The fact is, I’m gay, always have been, always will be, and I couldn’t be any more happy, comfortable with myself, and proud.
I have always been very open and honest about this part of my life with my friends, my family, and my colleagues. In a perfect world, I don’t think it’s anyone else’s business, but I do think there is value in standing up and being counted. I’m not an activist, but I am a human being and I don’t give that up by being a journalist.
I want them to know that I deeply love Jesus, fully human and fully divine and I believe the way he lived, with whom he created community and the words he spoke are as important as the death he died and his ultimate triumph over death. None of this is negated by the fact that I also happen to love a woman and that my love might look a lot more like their own than they think. With all of a love’s ups and downs I still love it when her eyes meet mine from across a crowded room. I still I love it when she puts her arm around me in church.
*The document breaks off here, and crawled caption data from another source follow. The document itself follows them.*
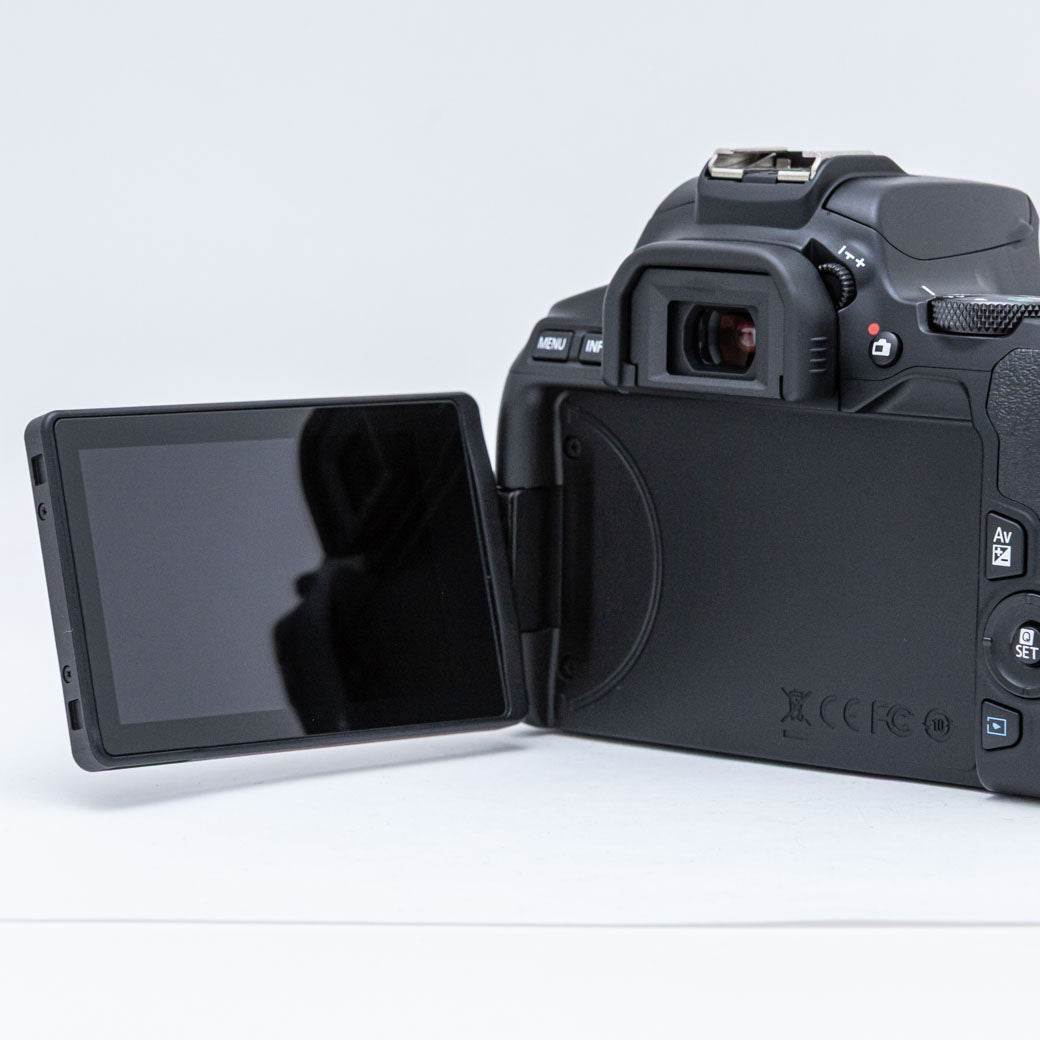 Canon EOS Kiss X10 ブラック, EF-S 18-55mm F4-5.6 IS STM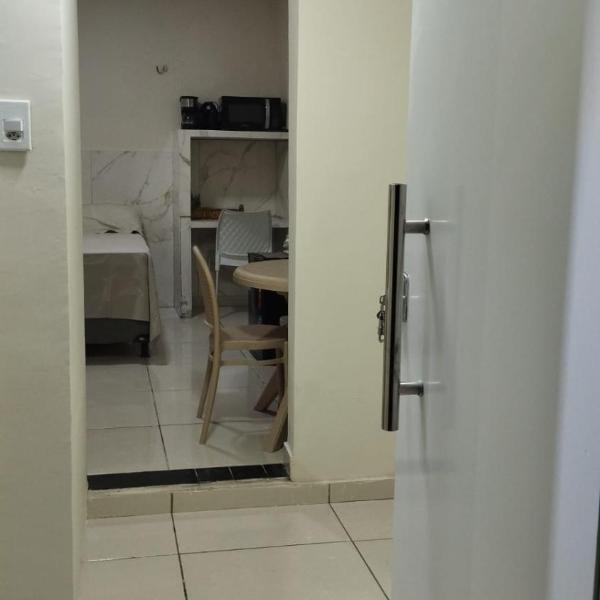 Kitnet Central - Próximo ao Shopping - Foto 4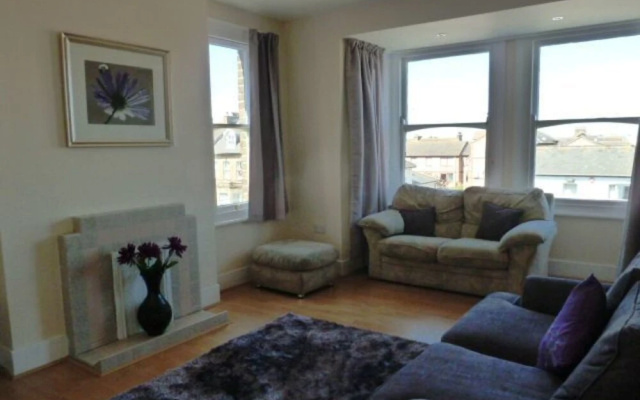 Top Floor Flat with Sea View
But unlike theirs, I am sad and tired of the reality that she is often unwilling to kiss me goodbye on our own front doorstep, just in case it’s not safe. It’s love and I am so thankful that God has given me the capacity and challenge to love in this way in this time and place.
I’m sorry. I feel absolutely terrible about this. But I don’t want to do dialogue anymore. I don’t want to journey together or live life with you or work out some difficult answers. I’m tired of having to pray that God will soften my heart so that I can tolerate your bigotry more easily. Because every time I do any of those things at church, I end up getting hurt. And then when I say anything about it, it’s like, “Oh, we disagree, you just have to accept we disagree.” which is code for, “We know we’re hurting you, but there’s nothing we’re willing to do about it, so you’ll just have to put up with us.” Meanwhile, I’m trying not to cry my eyes out when I’m alone because I feel like I have no church I can go to like a normal person while everyone else is like, “Whoa, we’re on a cool journey together.” I’m not your fucking sherpa you can dump your veiled homophobia on while you feel good about yourself for attempting to climb up LGBT Mountain in some kind of fantastic journey. There’s a point in time where I have to say, no, I will not subject myself to this anymore. I mean … that point has to exist, doesn’t it?